= Greenberg v. National Geographic =

Copyright lawsuit

Greenberg v. National Geographic was a copyright lawsuit regarding image use and republication rights of National Geographic Society to their magazine in electronic form.

==Details==
After the National Geographic released a digital archive containing all monthly issues of National Geographic magazine in 1997, photographer Jerry Greenberg took the Society to court over the reproduction of photographs that National Geographic had licensed from him. National Geographic withdrew this archive from the market in 2004 until after litigation was finished. The archive, called "The Complete National Geographic on CD-ROM and DVD", contained image duplicates of the print magazines. National Geographic argued that the archive was a "revision", and thus National Geographic held the license to republish. The plaintiff argued that the archive, which included an introductory sequence set to music and a search feature, was a new work.

==Rulings==
Two federal appellate courts made rulings on the cases. In 2001, the United States Court of Appeals for the Eleventh Circuit ruled against National Geographic, before a ruling in a similar case later in the year in the U.S. Supreme Court, in respect to the same U.S. Copyright law statute, New York Times Co. v. Tasini.

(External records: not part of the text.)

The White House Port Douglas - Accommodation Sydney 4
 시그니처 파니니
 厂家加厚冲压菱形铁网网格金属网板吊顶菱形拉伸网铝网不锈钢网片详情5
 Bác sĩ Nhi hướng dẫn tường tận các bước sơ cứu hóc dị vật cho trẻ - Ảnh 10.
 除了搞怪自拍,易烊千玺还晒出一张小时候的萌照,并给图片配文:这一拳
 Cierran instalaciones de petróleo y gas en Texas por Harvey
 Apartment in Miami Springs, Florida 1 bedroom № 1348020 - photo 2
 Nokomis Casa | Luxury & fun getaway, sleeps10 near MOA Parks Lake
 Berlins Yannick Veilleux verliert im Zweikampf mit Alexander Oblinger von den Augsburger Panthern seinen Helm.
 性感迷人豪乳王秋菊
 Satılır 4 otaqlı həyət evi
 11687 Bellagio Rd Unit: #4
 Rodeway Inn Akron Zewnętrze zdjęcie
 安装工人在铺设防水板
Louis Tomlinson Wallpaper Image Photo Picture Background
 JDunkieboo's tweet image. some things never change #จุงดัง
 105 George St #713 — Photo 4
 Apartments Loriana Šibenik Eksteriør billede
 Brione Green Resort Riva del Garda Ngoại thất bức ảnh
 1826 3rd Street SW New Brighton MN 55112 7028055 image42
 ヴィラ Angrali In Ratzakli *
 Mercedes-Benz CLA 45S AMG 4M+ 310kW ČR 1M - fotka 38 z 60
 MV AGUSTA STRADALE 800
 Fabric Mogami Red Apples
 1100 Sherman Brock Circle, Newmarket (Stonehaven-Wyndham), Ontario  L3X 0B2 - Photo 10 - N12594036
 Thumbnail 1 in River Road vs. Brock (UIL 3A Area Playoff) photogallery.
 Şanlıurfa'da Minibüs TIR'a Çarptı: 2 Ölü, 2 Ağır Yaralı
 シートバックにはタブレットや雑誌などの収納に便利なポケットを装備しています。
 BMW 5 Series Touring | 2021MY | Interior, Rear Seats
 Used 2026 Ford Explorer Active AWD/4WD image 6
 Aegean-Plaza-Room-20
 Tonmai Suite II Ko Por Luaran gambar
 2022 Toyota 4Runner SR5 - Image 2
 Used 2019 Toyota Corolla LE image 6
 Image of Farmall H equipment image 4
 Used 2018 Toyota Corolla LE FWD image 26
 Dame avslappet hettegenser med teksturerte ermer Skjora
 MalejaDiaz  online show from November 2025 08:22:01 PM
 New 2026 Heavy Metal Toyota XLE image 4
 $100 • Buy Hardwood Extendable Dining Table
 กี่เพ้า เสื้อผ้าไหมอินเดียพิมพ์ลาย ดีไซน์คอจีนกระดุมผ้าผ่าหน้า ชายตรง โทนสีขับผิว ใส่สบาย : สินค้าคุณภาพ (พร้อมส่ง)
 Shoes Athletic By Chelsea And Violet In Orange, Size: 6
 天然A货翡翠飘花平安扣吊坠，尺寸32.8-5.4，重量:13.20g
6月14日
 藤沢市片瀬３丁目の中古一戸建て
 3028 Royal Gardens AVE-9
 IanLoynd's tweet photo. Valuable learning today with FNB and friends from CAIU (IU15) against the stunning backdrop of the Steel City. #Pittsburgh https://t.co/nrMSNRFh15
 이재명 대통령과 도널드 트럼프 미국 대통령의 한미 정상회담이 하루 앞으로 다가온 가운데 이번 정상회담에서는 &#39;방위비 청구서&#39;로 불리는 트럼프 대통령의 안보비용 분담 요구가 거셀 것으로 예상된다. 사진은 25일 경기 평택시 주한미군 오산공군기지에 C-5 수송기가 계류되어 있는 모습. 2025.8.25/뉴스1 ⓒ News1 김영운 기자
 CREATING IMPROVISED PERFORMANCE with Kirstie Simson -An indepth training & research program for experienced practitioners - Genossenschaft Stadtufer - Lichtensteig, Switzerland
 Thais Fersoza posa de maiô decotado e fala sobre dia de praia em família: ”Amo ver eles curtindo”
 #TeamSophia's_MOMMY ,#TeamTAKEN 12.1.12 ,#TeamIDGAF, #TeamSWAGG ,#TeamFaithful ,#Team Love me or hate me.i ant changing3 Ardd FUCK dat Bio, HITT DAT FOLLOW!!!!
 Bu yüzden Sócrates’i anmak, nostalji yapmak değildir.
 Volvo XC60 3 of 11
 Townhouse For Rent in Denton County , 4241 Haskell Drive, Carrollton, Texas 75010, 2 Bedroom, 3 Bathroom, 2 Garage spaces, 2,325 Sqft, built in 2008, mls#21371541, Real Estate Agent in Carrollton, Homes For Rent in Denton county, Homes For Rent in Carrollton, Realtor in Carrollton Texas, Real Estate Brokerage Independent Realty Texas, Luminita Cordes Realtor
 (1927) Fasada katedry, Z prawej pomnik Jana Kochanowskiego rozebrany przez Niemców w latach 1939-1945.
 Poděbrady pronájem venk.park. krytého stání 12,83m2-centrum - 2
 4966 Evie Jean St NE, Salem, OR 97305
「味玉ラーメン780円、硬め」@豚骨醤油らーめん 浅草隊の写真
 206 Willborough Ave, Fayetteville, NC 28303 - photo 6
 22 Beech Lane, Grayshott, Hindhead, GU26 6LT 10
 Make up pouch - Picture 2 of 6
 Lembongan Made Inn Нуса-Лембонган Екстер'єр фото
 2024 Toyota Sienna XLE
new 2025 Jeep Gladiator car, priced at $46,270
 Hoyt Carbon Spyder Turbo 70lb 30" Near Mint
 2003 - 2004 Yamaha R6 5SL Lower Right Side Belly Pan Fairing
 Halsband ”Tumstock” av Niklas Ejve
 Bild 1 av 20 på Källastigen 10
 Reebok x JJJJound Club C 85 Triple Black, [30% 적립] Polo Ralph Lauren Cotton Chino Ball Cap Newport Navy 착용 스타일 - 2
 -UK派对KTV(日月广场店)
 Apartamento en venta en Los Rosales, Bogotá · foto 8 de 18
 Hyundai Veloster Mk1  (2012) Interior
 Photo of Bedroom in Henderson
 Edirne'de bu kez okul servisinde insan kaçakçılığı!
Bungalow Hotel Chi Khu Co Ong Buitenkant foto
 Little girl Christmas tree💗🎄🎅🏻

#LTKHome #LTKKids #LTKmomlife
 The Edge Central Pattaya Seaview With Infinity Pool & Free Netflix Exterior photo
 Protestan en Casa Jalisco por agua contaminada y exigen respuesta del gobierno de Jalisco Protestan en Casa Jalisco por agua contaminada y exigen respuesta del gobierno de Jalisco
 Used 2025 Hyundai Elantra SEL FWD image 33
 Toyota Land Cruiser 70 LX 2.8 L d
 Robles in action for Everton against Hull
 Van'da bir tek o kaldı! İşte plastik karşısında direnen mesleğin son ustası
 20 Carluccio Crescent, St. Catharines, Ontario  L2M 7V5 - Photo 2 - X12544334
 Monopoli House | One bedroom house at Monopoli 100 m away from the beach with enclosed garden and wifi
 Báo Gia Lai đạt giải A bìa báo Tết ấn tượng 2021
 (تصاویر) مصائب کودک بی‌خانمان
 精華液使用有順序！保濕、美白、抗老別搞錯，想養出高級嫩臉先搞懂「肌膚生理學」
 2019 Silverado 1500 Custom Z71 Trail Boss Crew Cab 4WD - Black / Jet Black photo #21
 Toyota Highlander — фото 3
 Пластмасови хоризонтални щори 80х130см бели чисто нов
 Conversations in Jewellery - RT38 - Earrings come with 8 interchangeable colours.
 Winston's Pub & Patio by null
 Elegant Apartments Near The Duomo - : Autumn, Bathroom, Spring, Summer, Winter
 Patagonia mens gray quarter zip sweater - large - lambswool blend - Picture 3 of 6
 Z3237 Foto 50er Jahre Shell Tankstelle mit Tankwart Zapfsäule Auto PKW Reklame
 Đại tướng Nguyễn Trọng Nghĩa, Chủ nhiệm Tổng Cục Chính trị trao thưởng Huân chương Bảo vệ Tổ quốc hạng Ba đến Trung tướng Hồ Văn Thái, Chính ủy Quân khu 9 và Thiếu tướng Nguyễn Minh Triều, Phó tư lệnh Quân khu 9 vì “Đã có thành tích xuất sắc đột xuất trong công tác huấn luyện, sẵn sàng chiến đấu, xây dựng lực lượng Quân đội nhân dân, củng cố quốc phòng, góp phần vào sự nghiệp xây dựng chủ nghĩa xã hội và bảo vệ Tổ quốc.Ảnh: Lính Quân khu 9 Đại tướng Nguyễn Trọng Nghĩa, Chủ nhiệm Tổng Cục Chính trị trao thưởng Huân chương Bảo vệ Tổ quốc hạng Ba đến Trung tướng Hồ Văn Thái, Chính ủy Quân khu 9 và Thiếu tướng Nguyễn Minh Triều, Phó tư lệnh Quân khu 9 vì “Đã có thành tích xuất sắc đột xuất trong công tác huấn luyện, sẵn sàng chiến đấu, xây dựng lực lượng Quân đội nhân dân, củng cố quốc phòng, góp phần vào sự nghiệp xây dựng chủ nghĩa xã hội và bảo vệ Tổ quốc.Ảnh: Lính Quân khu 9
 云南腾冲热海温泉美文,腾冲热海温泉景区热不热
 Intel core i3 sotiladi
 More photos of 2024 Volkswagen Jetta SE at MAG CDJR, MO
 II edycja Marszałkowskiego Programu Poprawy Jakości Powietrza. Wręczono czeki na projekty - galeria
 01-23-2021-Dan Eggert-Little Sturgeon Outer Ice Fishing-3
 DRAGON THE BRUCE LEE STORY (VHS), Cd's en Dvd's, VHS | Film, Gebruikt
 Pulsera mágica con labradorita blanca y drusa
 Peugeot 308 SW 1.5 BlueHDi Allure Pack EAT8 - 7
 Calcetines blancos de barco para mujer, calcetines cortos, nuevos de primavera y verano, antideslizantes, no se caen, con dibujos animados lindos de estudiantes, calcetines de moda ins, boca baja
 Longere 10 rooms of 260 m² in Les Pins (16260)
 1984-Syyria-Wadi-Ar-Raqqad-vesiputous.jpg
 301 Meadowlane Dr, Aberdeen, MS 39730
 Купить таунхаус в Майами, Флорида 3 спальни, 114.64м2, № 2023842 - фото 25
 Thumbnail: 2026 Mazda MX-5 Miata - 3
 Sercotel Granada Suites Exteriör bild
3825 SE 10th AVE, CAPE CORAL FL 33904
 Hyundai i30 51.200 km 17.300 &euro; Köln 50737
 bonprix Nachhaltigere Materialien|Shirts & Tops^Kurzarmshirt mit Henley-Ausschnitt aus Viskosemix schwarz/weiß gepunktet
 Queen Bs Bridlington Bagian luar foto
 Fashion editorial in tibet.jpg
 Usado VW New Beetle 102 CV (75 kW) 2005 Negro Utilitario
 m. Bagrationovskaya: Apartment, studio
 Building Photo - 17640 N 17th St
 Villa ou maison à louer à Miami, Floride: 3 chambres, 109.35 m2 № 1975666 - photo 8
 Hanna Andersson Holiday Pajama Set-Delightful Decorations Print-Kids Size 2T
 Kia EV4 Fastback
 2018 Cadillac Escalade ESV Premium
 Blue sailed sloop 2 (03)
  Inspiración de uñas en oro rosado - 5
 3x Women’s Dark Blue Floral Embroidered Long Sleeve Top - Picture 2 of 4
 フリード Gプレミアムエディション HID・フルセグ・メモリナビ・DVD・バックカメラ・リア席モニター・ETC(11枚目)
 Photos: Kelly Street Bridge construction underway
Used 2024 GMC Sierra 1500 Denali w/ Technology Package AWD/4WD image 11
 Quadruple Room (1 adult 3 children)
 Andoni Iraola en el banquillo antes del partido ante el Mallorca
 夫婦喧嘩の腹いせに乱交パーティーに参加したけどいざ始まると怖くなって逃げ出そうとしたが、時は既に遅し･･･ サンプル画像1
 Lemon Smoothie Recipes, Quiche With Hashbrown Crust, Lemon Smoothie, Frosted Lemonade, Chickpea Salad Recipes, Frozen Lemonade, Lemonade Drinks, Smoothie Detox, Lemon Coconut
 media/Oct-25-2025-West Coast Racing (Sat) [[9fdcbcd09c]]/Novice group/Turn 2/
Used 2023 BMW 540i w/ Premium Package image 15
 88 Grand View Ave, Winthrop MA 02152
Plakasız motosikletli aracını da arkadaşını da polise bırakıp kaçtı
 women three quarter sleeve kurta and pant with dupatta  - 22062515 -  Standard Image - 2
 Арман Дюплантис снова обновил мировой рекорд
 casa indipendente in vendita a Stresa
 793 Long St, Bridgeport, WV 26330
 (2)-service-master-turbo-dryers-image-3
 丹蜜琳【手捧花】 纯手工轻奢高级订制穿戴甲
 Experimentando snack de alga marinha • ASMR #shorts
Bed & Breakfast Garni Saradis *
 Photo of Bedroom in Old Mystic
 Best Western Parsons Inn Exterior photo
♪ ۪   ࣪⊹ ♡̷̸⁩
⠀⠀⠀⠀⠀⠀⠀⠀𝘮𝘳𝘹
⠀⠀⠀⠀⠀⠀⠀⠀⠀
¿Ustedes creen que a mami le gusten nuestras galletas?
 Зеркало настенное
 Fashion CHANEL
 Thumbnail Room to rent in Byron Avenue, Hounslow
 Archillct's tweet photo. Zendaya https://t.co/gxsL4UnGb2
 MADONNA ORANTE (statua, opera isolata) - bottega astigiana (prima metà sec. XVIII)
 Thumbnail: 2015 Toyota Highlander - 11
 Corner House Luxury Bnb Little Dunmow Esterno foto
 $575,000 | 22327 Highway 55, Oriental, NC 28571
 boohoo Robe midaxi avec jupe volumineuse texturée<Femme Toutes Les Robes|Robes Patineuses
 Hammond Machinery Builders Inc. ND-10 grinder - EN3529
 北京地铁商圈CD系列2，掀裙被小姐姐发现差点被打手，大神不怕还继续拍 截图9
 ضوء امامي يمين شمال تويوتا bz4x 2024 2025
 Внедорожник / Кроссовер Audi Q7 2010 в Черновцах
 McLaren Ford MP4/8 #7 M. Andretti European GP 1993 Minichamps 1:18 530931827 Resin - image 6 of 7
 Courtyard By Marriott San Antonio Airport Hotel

On March 4, 2005, the United States Court of Appeals for the Second Circuit said that Greenberg was inconsistent with the Supreme Court ruling in Tasini, and ruled in favor of National Geographic in another case regarding the Complete National Geographic product (Faulkner v. National Geographic Enterprises).

On June 13, 2007, the Eleventh Circuit reversed its prior decision in Greenberg I and remanded the case back to the U.S. district court, agreeing with the Second Circuit ruling in Faulkner that Greenberg I was inconsistent with the later Tasini decision (Greenberg II).

On August 30, 2007, the Eleventh Circuit issued an order vacating the panel decision in Greenberg II and said the Court would hear the appeal en banc, or by all the judges on the Court, which was heard February 26, 2008.

On June 30, 2008, the Eleventh Circuit held (Greenberg III) that National Geographic's reproduction of its magazine electronically was privileged under the federal copyright statute.

==Results==
Since National Geographic's victory in the Second Circuit, several publications (including The New Yorker, Playboy, Atlantic Monthly, Mad Magazine, and Rolling Stone) have either produced or announced plans to produce complete reproductions of their prior paper magazines on DVD or a restricted website for subscribers.

As a result of this ruling National Geographic announced it is releasing the full 120-year version of its magazine at the end of October 2009.